The full list of commands accepted by this bot can be found here.

The pull request process is described here

Needs approval from an approver in each of these files:

~~OWNERS~~ [jmguzik]

Approvers can indicate their approval by writing /approve in a comment
Approvers can cancel approval by writing /approve cancel in a comment

openshift-ci · 2025-08-21T16:30:54Z

@jmguzik: The following tests failed, say /retest to rerun all failed tests or /retest-required to rerun all mandatory failed tests:

Test name	Commit	Details	Required	Rerun command
ci/prow/unit	`8cf9a4b`	link	true	`/test unit`
ci/prow/images	`8cf9a4b`	link	true	`/test images`
ci/prow/security	`8cf9a4b`	link	false	`/test security`
ci/prow/breaking-changes	`8cf9a4b`	link	false	`/test breaking-changes`

Full PR test history.
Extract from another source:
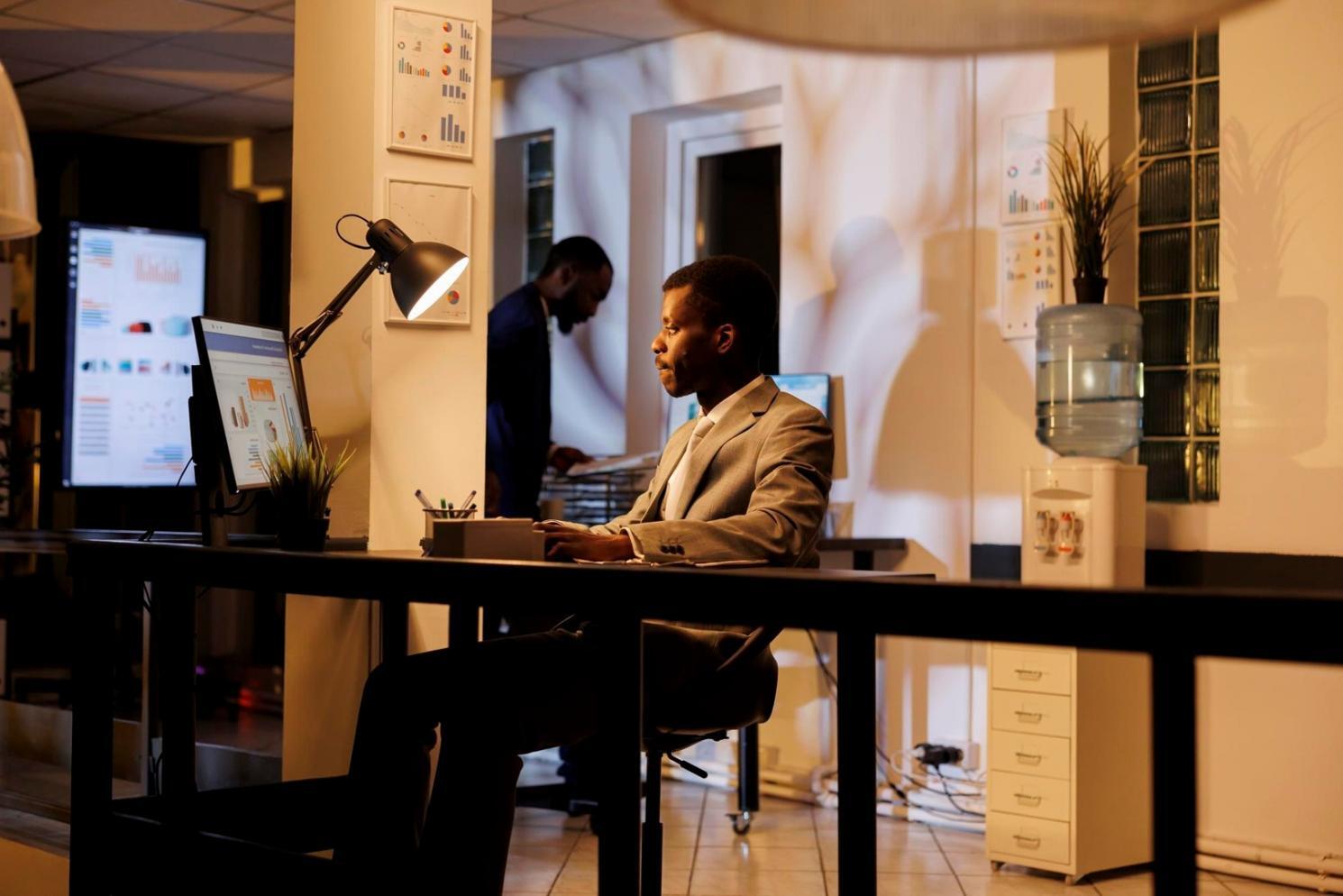 Arbeitsbereich mit Monitoring-Dashboard und Analysewerkzeugen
Your PR dashboard.

Instructions for interacting with me using PR comments are available here. If you have questions or suggestions related to my behavior, please file an issue against the kubernetes-sigs/prow repository. I understand the commands that are listed here.

openshift-bot · 2025-11-20T01:01:10Z

Issues go stale after 90d of inactivity.

Mark the issue as fresh by commenting /remove-lifecycle stale.
Stale issues rot after an additional 30d of inactivity and eventually close.
Exclude this issue from closing by commenting /lifecycle frozen.
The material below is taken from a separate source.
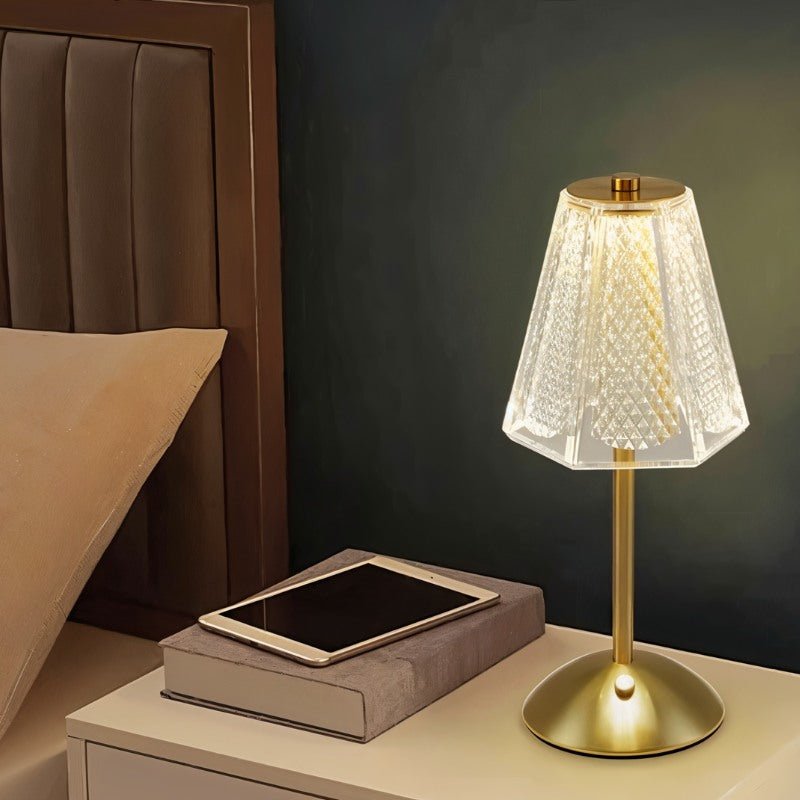 CrystalBloom | Radiant Golden Table Lamp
If this issue is safe to close now please do so with /close.

/lifecycle stale

coderabbitai · 2025-11-20T01:01:31Z

Walkthrough

The PR introduces cluster-profile filtering, parallel processing infrastructure, and yearly cron generation logic to the frequency-reducer component. New configuration parsing, worker pool dispatch, and per-test filtering mechanisms are added alongside comprehensive unit tests.

Changes

Cohort / File(s)	Summary
Cluster-profile filtering and parallel processing infrastructure `cmd/branchingconfigmanagers/frequency-reducer/main.go`	Introduces `ClusterProfilesConfig` struct for YAML-based cluster profile configuration. Adds `loadClusterProfilesConfig` for parsing profiles into an allowed-profiles map. Implements `processConfigurationsInParallel` for concurrent configuration processing with worker pool pattern. Adds `configJob` struct to encapsulate job parameters and `processConfiguration` worker function. Extends `updateIntervalFieldsForMatchedSteps` signature to accept `allowedClusterProfiles` parameter. Implements `shouldProcessTest` for per-test cluster profile filtering logic.
Cron expression generation and scheduling utilities `cmd/branchingconfigmanagers/frequency-reducer/main.go`	Adds `isExecutedAtMostOncePerYear` helper to validate yearly execution patterns in cron expressions. Introduces `generateYearlyCron` function for creating yearly cron expressions. Integrates yearly cron logic into configuration processing paths with version-based conditional logic.
Comprehensive unit test coverage `cmd/branchingconfigmanagers/frequency-reducer/main_test.go`	New test file providing extensive coverage for version extraction, scheduling logic verification, cron generation and validation, interval/cron field updates, options validation, command-line argument parsing, test processing determination, cluster profile configuration loading, and cluster-profile-filtered updates across multiple scenarios and edge cases.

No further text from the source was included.